The far-future sections are the most formally bold. An astronaut travels to a planet that humanity has decided to colonise, carrying not just biological material but the recorded memories and personalities of people from Earth — including people who died in the plague generations before. The question the story asks — what it means to carry the dead into the future, whether continuing their presence is a form of love or a refusal to let go — reconfigures everything that preceded it in the collection.
The Emotional Accumulation
How High We Go in the Dark is a book that becomes, over its course, more than the sum of its parts. Individual stories are not all equally successful: some feel more complete than others, some speculative premises more fully inhabited. But the accumulation of grief across its 300 pages produces an emotional effect that no individual story achieves — the sense of grief as a shared condition, a universal experience that takes different forms in different lives but that connects the people who carry it across time and distance.

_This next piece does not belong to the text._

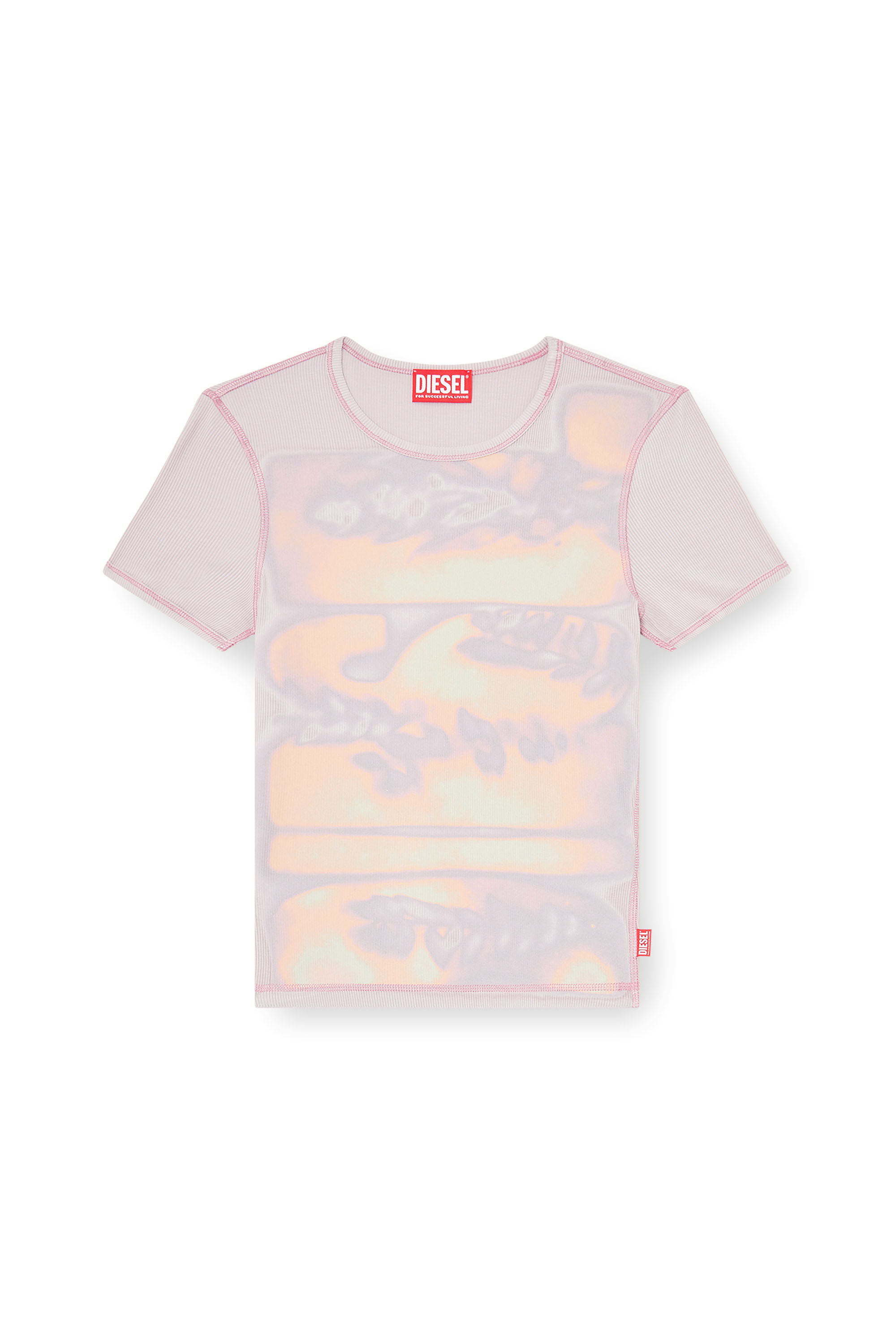 Diesel - T-ELE-LONG-AA1, Damen Schmal geschnittenes Jersey-Top mit Grafikdruck in Lila - 2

The title comes from a story about researchers who, in the void of space, wonder how far the impulse to reach upward — toward stars, toward the transcendent, toward something beyond the losses that have accumulated — can carry them. The answer the book proposes is not a comforting one: grief does not resolve, connection does not simplify, the dead remain lost. But the reaching continues, and the reaching is, perhaps, the point.
Why This Matters
Published alongside a wave of pandemic fiction, How High We Go in the Dark distinguishes itself by the quality of its attention to grief as lived experience. Nagamatsu is not interested in catastrophe as spectacle or in resilience as a feel-good arc. He is interested in the specific texture of loss — the way it inhabits particular people in particular moments — and in what connects those particular losses across time.
The result is a book about grief that does not diminish grief into something manageable. It takes grief seriously as the appropriate response to irreplaceable loss, and it asks what a civilisation can become when it carries that kind of weight across generations.

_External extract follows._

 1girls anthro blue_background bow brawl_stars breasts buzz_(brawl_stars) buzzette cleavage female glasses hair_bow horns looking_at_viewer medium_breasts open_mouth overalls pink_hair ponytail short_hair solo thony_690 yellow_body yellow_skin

Our rating: 4.3/5 — A stunning debut that transcends its premise. The linked structure and temporal scope allow Nagamatsu to do something with pandemic grief that no single narrative could.
Frequently Asked Questions
What is "How High We Go in the Dark" about?

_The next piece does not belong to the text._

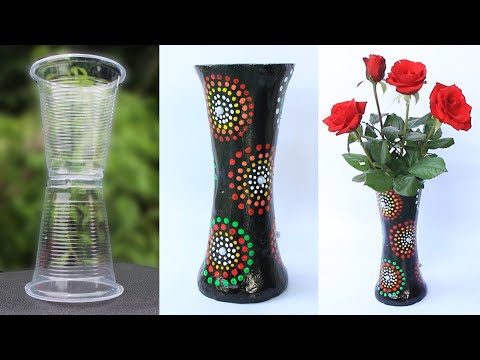 How to make flower vase from plastic cup and Plaster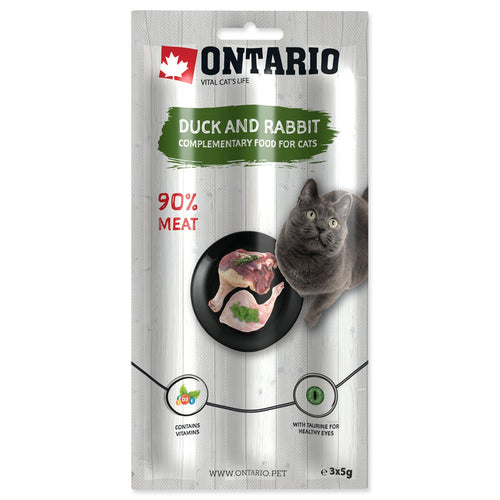 ONTARIO Cat Sticks, mesni stapici, s pacetinom i kunicevinom, 3x5g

In linked short stories set across centuries, Sequoia Nagamatsu explores the aftermath of a plague released from the Siberian permafrost — following diverse characters across generations as humanity grieves, adapts, and ultimately reaches toward the stars in search of new beginnings.
Who should read "How High We Go in the Dark"?
Readers of literary speculative fiction, fans of linked story collections like Station Eleven, and anyone who wants fiction that takes pandemic and collective grief seriously as artistic subject matter.
What are the key takeaways from "How High We Go in the Dark"?
Grief is not a stage to be passed through but a relationship maintained with the absent Catastrophe reshapes culture but does not eliminate the human capacity for love and connection The distant future is not an escape from grief but a continuation of it across generations Art, ritual, and narrative are how communities survive loss that would otherwise be incommunicable The impulse to reach beyond — upward, outward, toward the stars — is part of what makes grief survivable
Is "How High We Go in the Dark" worth reading?
How High We Go in the Dark is a pandemic novel that transcends its premise — Nagamatsu's linked stories accumulate into a meditation on grief, love, and the strange persistence of human connection across catastrophic loss.